After Galiè became the director in 2008, the group experienced a significant resurgence in membership, growth in audience size and an expansion of its musical horizons, while concentrating on music written originally for women’s (or treble) voices.
“Leading the group is a wonderful opportunity to rediscover the vast and rich body of music written over the centuries specifically for women’s voices,” says Galiè, who recently led the group in recording a CD that includes a never-before-recorded 1905 French mass for women’s voices.
“Galiè’s orchestral expertise has allowed the chorale, which for decades sang almost exclusively with piano accompaniment, to perform with a wide range of instrumental ensembles, including chamber orchestra,” De Fazio says.

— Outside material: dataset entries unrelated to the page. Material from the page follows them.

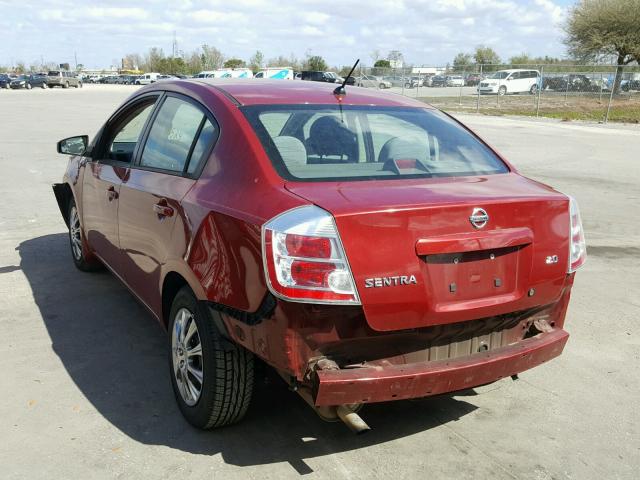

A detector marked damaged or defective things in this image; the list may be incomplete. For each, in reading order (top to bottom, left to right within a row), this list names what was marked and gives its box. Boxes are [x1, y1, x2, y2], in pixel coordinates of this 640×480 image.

rear bumper damage [312, 330, 568, 404]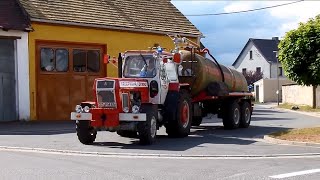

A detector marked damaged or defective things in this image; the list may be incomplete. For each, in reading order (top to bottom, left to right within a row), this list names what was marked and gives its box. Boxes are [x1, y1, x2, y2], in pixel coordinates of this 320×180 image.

rusty brown tank [179, 50, 249, 96]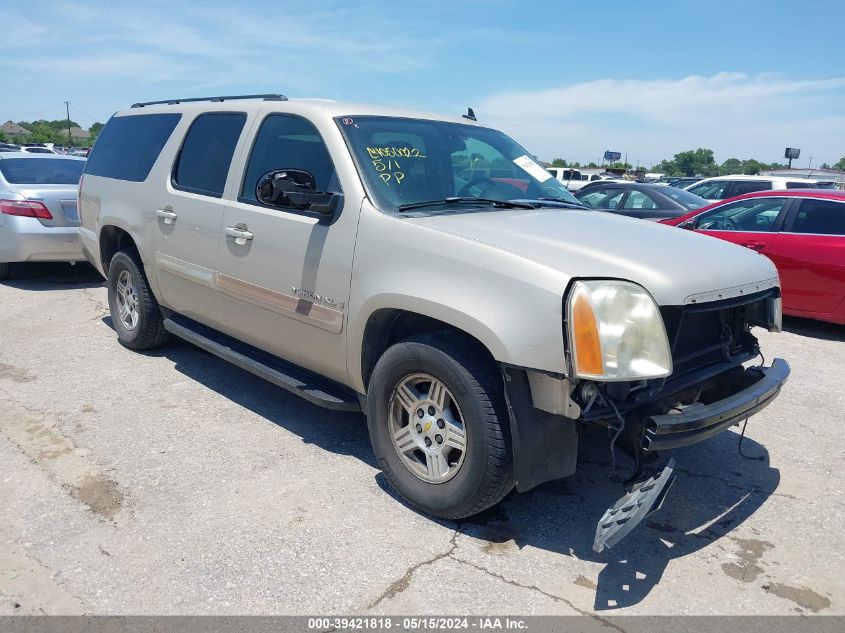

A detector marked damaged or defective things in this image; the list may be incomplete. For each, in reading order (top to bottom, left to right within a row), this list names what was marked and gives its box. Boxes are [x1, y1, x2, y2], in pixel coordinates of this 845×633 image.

cracked pavement [0, 262, 840, 612]
damaged gmc yukon xl [76, 94, 788, 548]
cracked headlight [568, 280, 672, 380]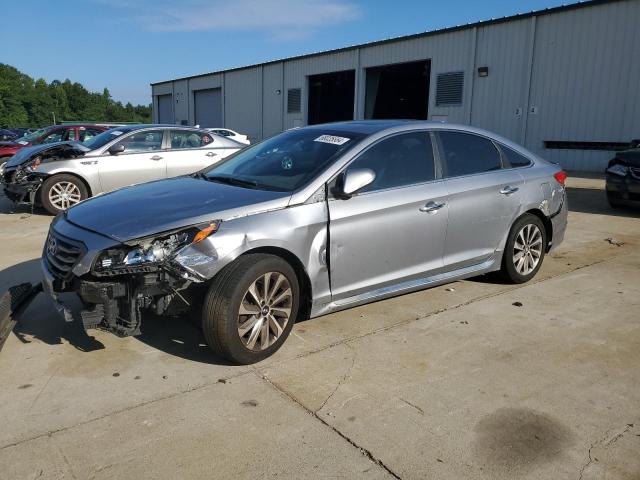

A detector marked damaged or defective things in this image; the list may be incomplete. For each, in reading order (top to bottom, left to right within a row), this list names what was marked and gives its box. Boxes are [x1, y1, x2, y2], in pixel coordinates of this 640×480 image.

crushed hood [65, 176, 290, 242]
damaged headlight assembly [94, 221, 221, 278]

Performer Martha Janus, an administrative assistant in the Office of the Registrar, appreciates learning the history of the music from Galiè — which, she says, enhances her performance. “I love listening to Kevin's stories about the composers and arrangers of the music we sing; he provides a context which helps me better relate to the music, and I think that influences my performance of it,” she says.
Vibrant musical community
The chorale fills a unique role on campus, De Fazio says: It’s a concert chorus that singers may join without audition, which helps attract new members. Chorale performer Emily Fay says “the music is fun; it's challenging enough to be interesting, but not so challenging that it scared me away, even though I haven't sung in a choir for several years.”

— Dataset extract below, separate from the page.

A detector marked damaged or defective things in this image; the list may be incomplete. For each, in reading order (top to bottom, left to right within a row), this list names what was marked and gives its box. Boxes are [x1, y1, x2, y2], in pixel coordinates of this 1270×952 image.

“The chorale’s members are not only serious about making music, but are also serious about establishing a sense of community as they set about the joyous activity of singing,” De Fazio says.
Contributing to the group’s community spirit is its diversity among members, De Fazio says. “The international nature of the group — with its members hailing from more than a dozen countries during any given semester — has contributed to long-lasting, even hemisphere-spanning friendships,” she says.
Additionally, participants span a wide age range, De Fazio says. Current members range from their teens through their 70s, with some of the older members having sung with the group for decades.
“Uniting women of all ages around the common language of music, has, over the decades, promoted a special sense of community among our members,” says Jane Howard, the wife of a retired MIT staff member, who’s been singing with the chorale for 47 years.
Elaine Shapiro SM ’12, who sang in the chorus as an MIT student — and now as a busy professional — says she enjoys learning from the veteran singers. “I really enjoy being a part of a group with so much history at MIT,” she says. “It's fun to hear stories of life in the chorale and at MIT 40 years ago from members who have been a part of these communities for as many years.”
Grateful to have a place to set aside the stresses of her MIT doctoral studies for two hours a week, Carla Perez-Maritinez ’11 says, “I feel cared for by other members of the chorale, and we always have fun.”